Five Paths to Inspiring Action
The Modern Survival Guide #60

This is the Modern Survival Guide, a guidebook I’m writing for things I think people need to know about living in the modern world. The views expressed here are mine, and mine alone. But it’s hard to do most things alone. In fact, for the larger things in life we usually need to act in groups. Sometimes you might even want a group to do something specific. And that means that, at some point, you’re going to need to inspire people to action.
Let’s talk a bit about what that means, then get into how to do it.
So first of all, “inspiring” action means that you’re not coercing action and you’re not demanding action,¹ but rather that you are convincing other people to do something by finding a way to get them to want to do it. Sometimes that can be easy, sometimes it can be hard, and sometimes it requires a fair degree of manipulation. And I’m not here to tell you that one of these methods is necessarily better or worse than another; this is an article about how things are, not how we would prefer them to be.

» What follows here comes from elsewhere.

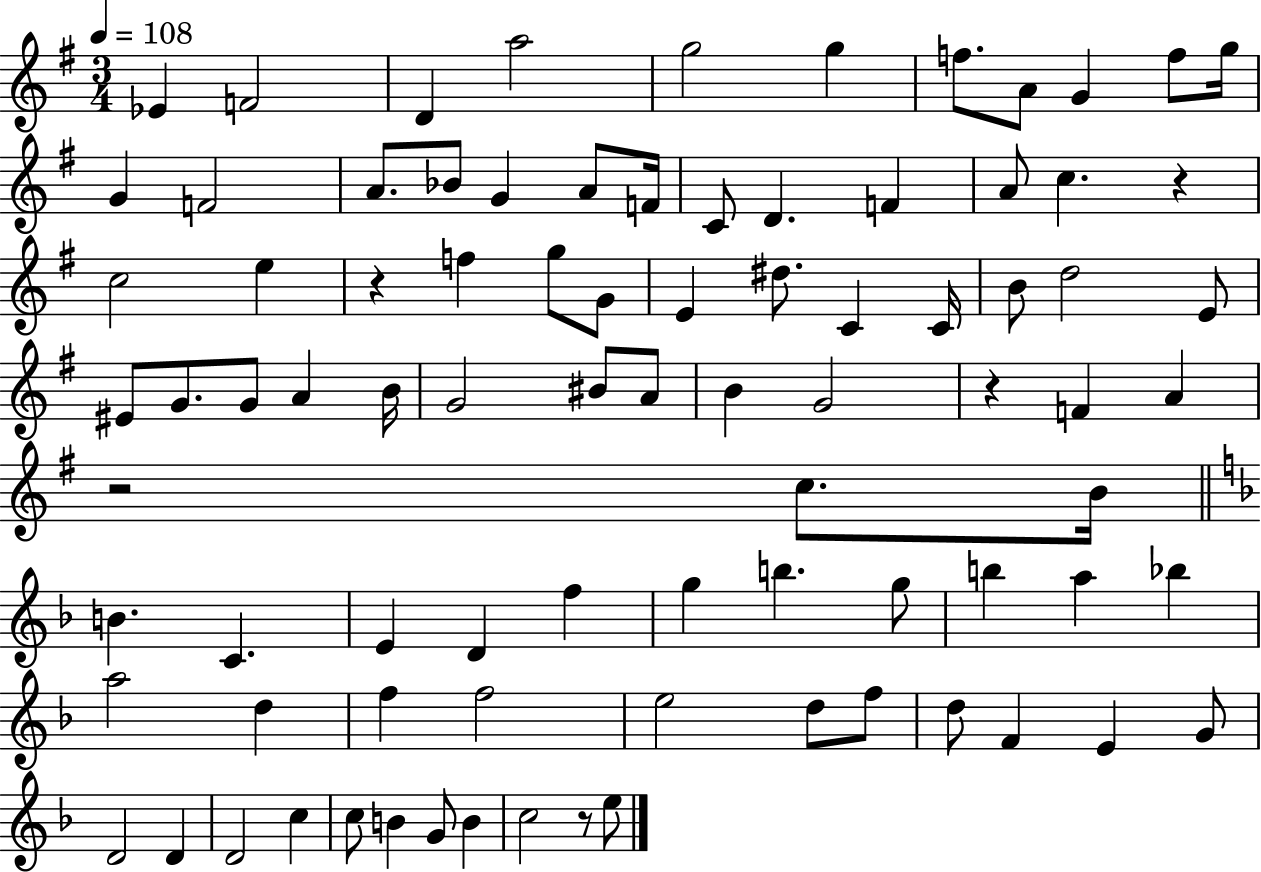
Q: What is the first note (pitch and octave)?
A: Eb4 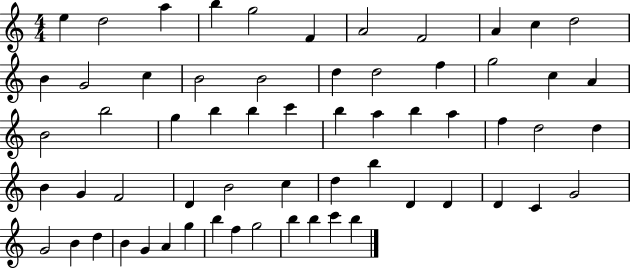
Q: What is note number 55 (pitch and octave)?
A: G5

So then, how do you inspire action?
The Five Paths to Action
I know of five paths to inspire action in another person. I’m not saying these are exclusive; I’m just saying these are the ones that leap out to me. If you know another on, I’d be delighted to hear about it. But the ways I know are:
- Having an Inspiring Personality
- Calling in Favors
- Appealing to Someone’s Interests
- Calling on Obligations
- Using Emotions
We’ll go through these one by one.
Using Your Personality to Inspire Action
Traditionally, this is what a lot of people think of when they think of “leadership:” using your personality and reputation to inspire other people to do something because you’re simply such a magnetic or trusted person that they want to support you.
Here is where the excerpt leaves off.